It seems that in today’s fast-paced world the amount of people who would like a piece of your time as a communicator can be overwhelming. Making time to effectively plan rather than reactively creating communications campaigns is an ideal situation to be in, but how often do you find yourself devising solutions to complex problems on the hoof?
I’ve been juggling my time and priorities over the past six weeks while settling into my new role at work and have come to realise the importance of managing expectations and being a stickler for deadlines.
Making time to learn is key for communicators – I spend hours each week asking questions of subject matter experts internally. I quiz our employees to gain insight as to what the life of a conductor or driver is like and what impact key performance indicators have on their working lives. Being able to increase my understanding of my target audience is crucial to ensure their needs are being met through relevant communication.
As well as learning internally from inside the organisation I am working in, I place a great deal of importance on increasing my knowledge through networking with communications professionals externally. Making time in your schedule to go to breakfast briefings, training courses or best practice sessions is paramount to ensure you are aware of the latest trends and current thinking.
According to Melcrum, there are just 29 days to go until their Strategic Communication Management Summit. This event is two days out of the office (three if you go to the pre-summit workshops). Topics include “the communication traits of great companies to work for”, “coaching managers to improve communication”, “planning change communication” and the one issue on everyone’s lips… “work smarter to achieve communication goals with fewer resources.” Who wouldn’t want to know the answer to those topics? It appears to me that it is essential to set aside time and budget to learn and constantly improve, which is why I have signed up to attend.
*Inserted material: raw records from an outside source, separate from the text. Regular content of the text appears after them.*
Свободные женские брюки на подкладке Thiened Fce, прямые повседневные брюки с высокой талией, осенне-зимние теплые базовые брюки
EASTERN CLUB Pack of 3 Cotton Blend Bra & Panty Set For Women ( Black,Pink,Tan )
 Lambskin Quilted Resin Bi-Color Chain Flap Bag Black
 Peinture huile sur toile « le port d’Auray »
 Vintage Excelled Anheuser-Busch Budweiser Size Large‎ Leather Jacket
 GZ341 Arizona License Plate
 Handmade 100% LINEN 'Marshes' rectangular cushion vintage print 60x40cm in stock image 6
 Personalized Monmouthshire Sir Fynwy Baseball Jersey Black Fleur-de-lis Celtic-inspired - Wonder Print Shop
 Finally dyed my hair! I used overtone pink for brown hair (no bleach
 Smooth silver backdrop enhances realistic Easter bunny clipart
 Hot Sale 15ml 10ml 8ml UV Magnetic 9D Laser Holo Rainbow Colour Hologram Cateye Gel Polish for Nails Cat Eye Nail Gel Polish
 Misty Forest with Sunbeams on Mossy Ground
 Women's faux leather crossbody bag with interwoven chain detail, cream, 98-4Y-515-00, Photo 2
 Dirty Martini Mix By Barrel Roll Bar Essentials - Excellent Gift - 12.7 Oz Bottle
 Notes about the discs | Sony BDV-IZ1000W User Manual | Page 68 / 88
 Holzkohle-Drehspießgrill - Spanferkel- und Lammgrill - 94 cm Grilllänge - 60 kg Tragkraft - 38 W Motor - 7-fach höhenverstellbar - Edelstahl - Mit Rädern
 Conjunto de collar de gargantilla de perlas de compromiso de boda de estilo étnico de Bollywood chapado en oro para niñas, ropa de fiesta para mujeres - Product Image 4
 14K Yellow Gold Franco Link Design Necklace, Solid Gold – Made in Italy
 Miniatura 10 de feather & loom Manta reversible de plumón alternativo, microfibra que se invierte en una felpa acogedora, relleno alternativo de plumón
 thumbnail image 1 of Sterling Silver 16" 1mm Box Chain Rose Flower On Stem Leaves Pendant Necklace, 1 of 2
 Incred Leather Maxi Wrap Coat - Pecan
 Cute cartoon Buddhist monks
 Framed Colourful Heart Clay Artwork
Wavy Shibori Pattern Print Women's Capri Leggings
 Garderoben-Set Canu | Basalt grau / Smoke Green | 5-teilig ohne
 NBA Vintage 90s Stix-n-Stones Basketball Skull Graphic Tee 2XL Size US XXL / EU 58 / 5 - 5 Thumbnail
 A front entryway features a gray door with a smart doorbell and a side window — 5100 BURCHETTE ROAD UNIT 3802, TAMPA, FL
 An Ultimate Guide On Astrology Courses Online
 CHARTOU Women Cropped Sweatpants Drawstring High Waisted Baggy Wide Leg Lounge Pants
Communicators globally are tightening their belts alongside every other department. However, I believe there are benefits to be gained from setting time aside to release communications professionals to take part in events like this. Your employees should come back armed with ideas and contacts which will hopefully enhance the communications function in your company and who knows, maybe they will have picked up some cost-saving tips along the way which will recoup the price of their ticket.
Are you going to Melcrum’s Strategic Communication Management Summit from 14-16 October in London? If so I hope to see you there.